INFORMATION PROVIDED below:

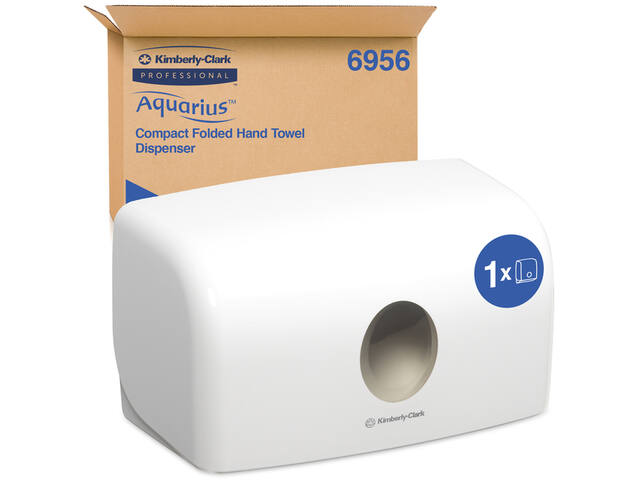 Handdoekdispenser Aquarius mini wit 6956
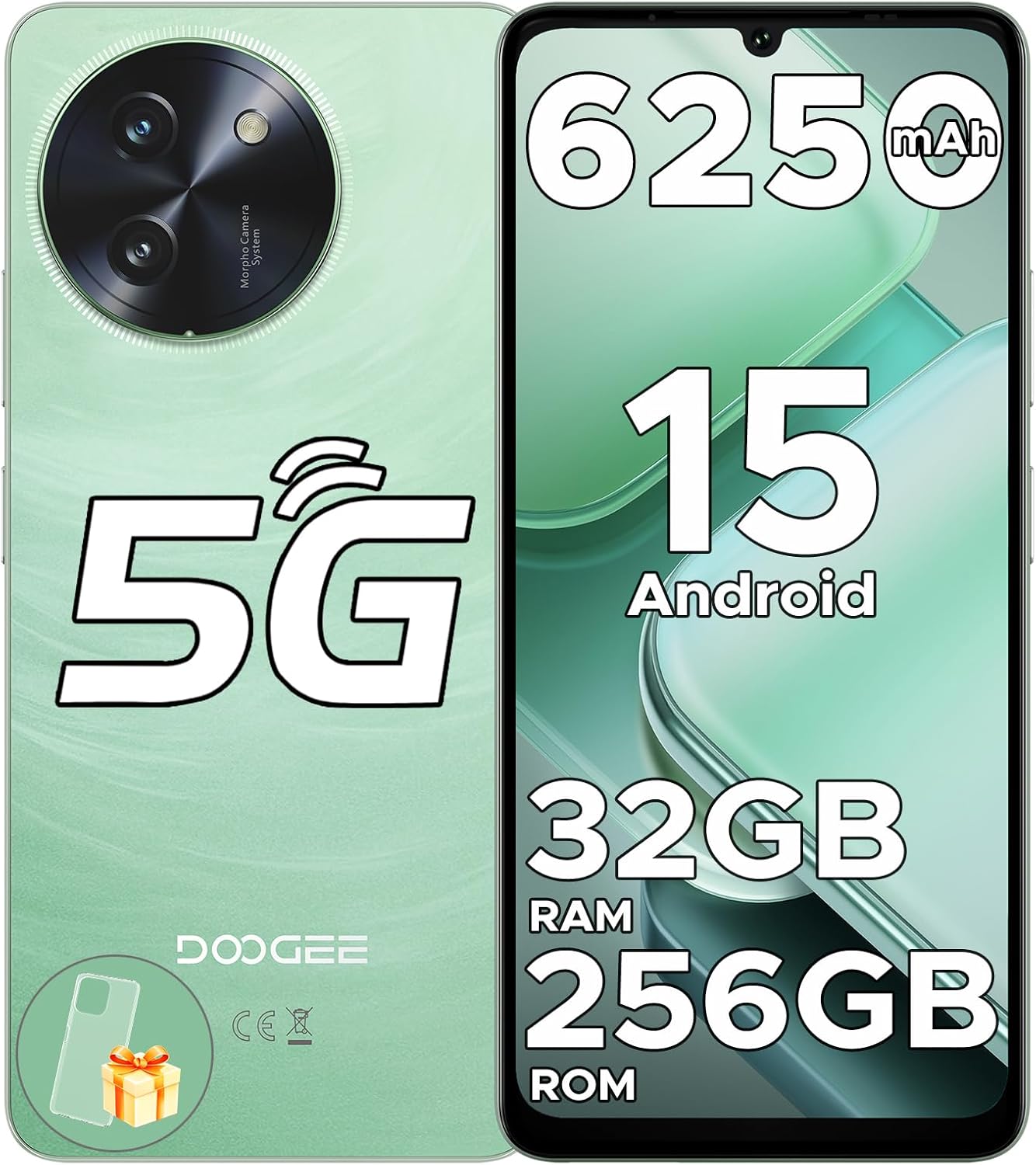 DOOGEE Note 59 Pro Unlocked 5G Android Phone with 6250mAh Battery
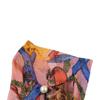 Scarf Wave point Ruffle Edge Flower Leopard print Neckerchief Summer Bib Printed Scarf Korean Style Scarves Female Shawl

End of INFORMATION PROVIDED.

▶ **PROBLEM REQUIREMENTS**:
The answer should consist of every line above, exact and free of images.

▶ **SOLUTION**:
 Handdoekdispenser Aquarius mini wit 6956
 DOOGEE Note 59 Pro Unlocked 5G Android Phone with 6250mAh Battery
 Scarf Wave point Ruffle Edge Flower Leopard print Neckerchief Summer Bib Printed Scarf Korean Style Scarves Female Shawl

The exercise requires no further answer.